--- Work order ---
Ignoring every picture, return the lines of the listing below word for word, from the line that holds "ingredients for banana bread" through the line that holds "Tension Set Radiant".

--- Dataset records ---
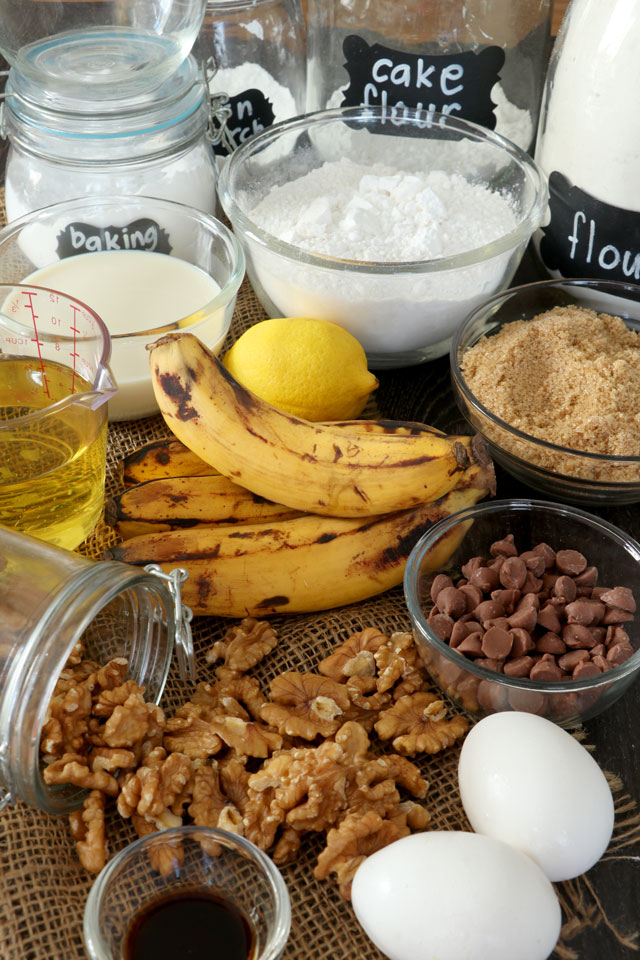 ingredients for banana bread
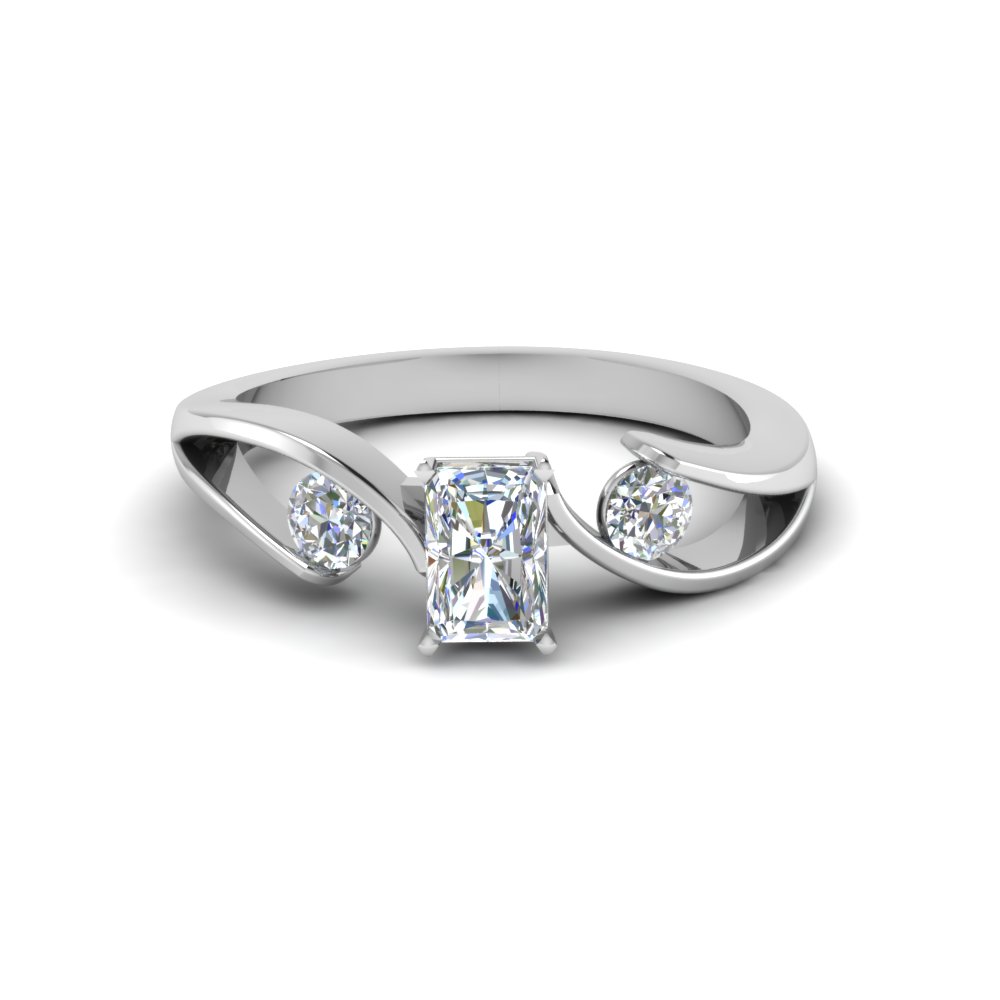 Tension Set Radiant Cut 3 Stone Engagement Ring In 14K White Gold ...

...

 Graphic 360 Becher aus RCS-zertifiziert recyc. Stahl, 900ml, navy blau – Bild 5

--

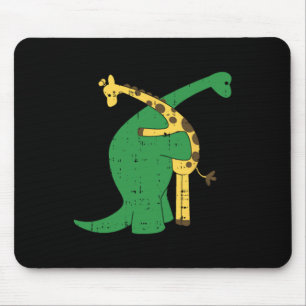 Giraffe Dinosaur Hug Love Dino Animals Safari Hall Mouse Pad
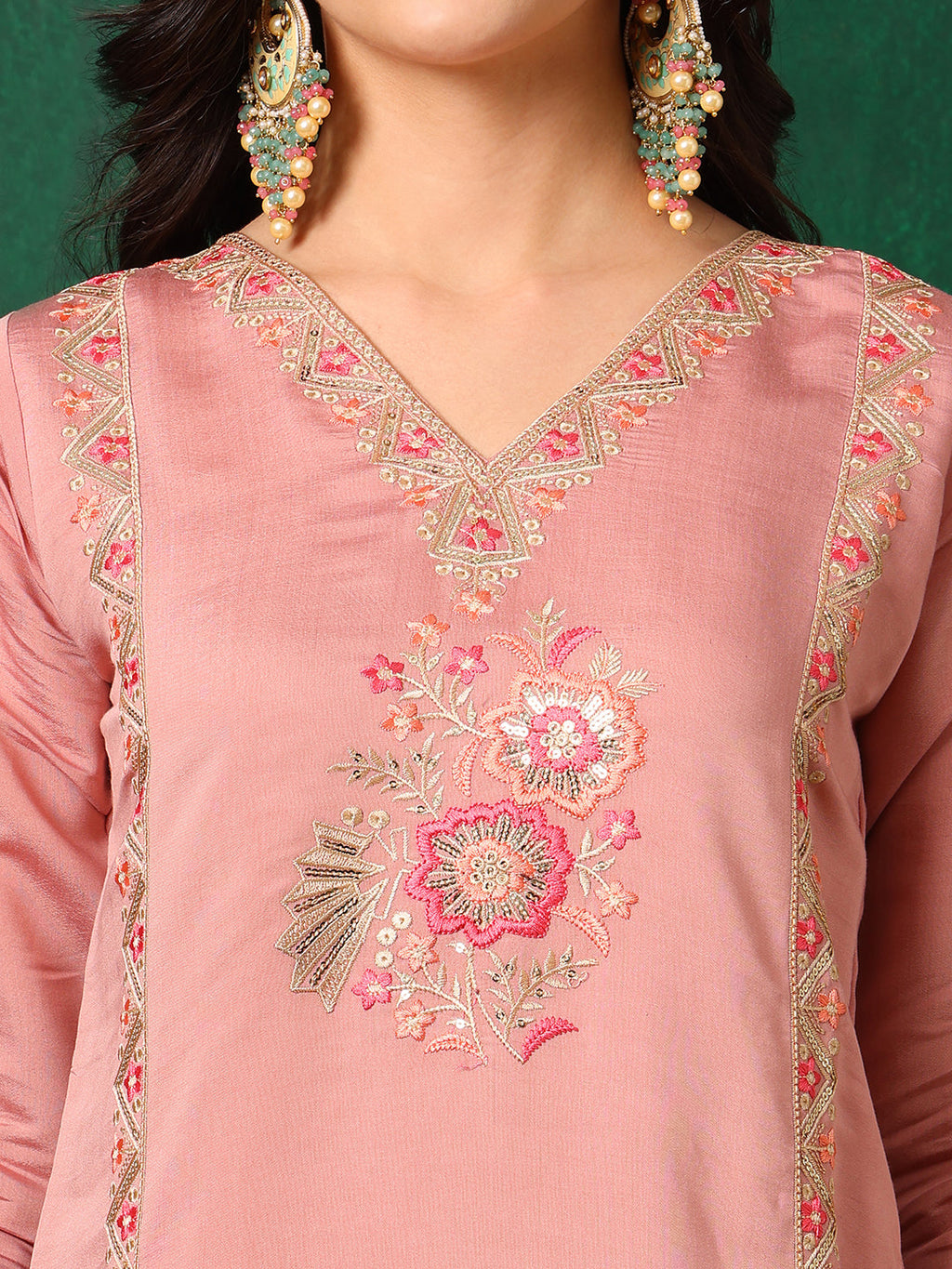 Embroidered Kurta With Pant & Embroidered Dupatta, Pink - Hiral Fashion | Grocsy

--- Task answer ---
 ingredients for banana bread
 Tension Set Radiant Cut 3 Stone Engagement Ring In 14K White Gold ...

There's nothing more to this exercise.